- About this task:
Transcribe the data that follows, exactly and in full.

- Source material:

:::

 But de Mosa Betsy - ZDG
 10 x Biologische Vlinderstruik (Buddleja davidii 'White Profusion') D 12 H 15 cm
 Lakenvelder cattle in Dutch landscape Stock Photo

:::

- Response area:
 But de Mosa Betsy - ZDG
 10 x Biologische Vlinderstruik (Buddleja davidii 'White Profusion') D 12 H 15 cm
 Lakenvelder cattle in Dutch landscape Stock Photo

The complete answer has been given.